Of the 242 enrolled patients, 25 (10 %) had PALN metastasis detected by HE (PALN HE-positive), and 21 (9 %) had PALN micrometastasis not detected by HE but identified by CAM 5.2 immunohistochemistry. Univariate analysis revealed that patients with PALN micrometastasis (p = .004) and PALN HE positivity (p = .003) had a significantly shorter OS than those without PALN metastasis, whereas no significant difference was observed between the two former groups (p = .874).
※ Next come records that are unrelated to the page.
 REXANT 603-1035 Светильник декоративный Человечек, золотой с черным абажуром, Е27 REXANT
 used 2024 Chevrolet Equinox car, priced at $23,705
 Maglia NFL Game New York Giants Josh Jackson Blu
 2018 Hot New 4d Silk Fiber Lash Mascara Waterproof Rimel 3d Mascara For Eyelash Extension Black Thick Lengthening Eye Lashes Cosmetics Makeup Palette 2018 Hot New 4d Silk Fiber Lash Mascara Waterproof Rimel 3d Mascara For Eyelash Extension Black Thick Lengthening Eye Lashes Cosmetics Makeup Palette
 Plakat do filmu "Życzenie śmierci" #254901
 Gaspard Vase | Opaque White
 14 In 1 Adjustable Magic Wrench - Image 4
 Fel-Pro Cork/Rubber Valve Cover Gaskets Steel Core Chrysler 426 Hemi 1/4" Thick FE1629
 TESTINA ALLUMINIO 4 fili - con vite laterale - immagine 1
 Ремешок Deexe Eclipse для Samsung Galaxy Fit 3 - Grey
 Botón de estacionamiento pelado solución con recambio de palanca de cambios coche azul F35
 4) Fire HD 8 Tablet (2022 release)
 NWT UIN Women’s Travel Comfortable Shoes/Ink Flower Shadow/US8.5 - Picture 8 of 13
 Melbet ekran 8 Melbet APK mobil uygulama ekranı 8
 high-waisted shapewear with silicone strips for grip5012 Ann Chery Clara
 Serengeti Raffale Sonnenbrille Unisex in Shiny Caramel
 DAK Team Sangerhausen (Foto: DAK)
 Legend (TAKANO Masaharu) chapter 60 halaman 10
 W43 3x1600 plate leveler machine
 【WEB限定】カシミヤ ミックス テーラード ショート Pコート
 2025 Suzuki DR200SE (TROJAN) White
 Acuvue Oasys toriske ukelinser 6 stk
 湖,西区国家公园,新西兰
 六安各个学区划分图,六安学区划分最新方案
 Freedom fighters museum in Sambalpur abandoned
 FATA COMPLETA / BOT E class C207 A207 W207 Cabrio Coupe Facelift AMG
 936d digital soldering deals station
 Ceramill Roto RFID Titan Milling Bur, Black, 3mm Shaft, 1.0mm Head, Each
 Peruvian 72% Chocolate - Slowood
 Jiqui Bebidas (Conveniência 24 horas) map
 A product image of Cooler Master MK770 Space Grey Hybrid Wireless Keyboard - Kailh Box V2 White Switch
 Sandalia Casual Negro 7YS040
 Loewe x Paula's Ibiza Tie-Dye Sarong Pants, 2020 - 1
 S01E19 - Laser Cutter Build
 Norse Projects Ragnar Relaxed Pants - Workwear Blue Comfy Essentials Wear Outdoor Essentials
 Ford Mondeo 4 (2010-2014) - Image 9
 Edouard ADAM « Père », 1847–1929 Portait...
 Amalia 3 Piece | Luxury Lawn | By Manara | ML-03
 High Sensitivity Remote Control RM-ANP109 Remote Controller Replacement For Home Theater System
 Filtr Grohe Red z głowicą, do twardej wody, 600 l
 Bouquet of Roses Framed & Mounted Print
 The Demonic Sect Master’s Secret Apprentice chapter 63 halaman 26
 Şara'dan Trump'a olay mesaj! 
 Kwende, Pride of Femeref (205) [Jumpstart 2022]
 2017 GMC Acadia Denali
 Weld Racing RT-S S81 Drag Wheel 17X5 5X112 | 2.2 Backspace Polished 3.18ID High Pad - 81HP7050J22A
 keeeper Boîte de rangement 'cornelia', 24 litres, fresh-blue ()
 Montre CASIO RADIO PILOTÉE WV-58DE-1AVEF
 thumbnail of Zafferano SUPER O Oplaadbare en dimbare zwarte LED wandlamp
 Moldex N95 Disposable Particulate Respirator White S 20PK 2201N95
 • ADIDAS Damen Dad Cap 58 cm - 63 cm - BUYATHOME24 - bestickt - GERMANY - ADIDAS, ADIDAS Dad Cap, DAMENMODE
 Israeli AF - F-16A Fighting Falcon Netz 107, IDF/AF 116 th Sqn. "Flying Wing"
In multivariate analysis, lack of adjuvant chemotherapy (hazard ratio [HR] 2.43, p < .001), PALN micrometastasis (HR 1.89; p = .046), and PALN HE-positivity (HR 1.89, p = .023) were identified as independent risk factors for poor prognosis. Within a subset of 46 patients with PALN HE-positivity or micrometastasis, lack of adjuvant chemotherapy was independently associated with poor OS (HR 2.58. p = .029).

CONCLUSIONS

The prognosis of patients with PALN micrometastasis was extremely poor as well as HE-positive PALNs. However, postoperative adjuvant chemotherapy may contribute to improving the prognosis of PDAC patients with PALN metastasis.

摘要

背景

胰腺导管腺癌(PDAC)中腹主动脉旁淋巴结(PALN)的微转移是否等同于苏木精-伊红(HE)染色检测到的PALN转移仍不清楚。

方法

共有242例行根治性胰腺切除术并清扫PALN的PDAC患者符合本研究条件。通过CAM 5.2免疫组织化学评估PALN中的微转移。分析PALN状态与总生存期(OS)之间的关系。

结果

在242例入组患者中,25例(10%)经HE检测有PALN转移(PALN HE阳性),21例(9%)经HE未检测到但经CAM 5.2免疫组织化学鉴定有PALN微转移。单因素分析显示,有PALN微转移(p = 0.004)和PALN HE阳性(p = 0.003)的患者OS明显短于无PALN转移的患者,而前两组之间未观察到显著差异(p = 0.874)。多因素分析中,未进行辅助化疗(风险比[HR] 2.43,p < 0.001)、PALN微转移(HR 1.89;p = 0.046)和PALN HE阳性(HR 1.89,p = 0.023)被确定为预后不良的独立危险因素。在46例PALN HE阳性或微转移的患者亚组中,未进行辅助化疗与OS不良独立相关(HR 2.58,p = 0.029)。

结论

PALN微转移患者的预后与HE阳性的PALN患者一样极差。然而,术后辅助化疗可能有助于改善有PALN转移的PDAC患者的预后。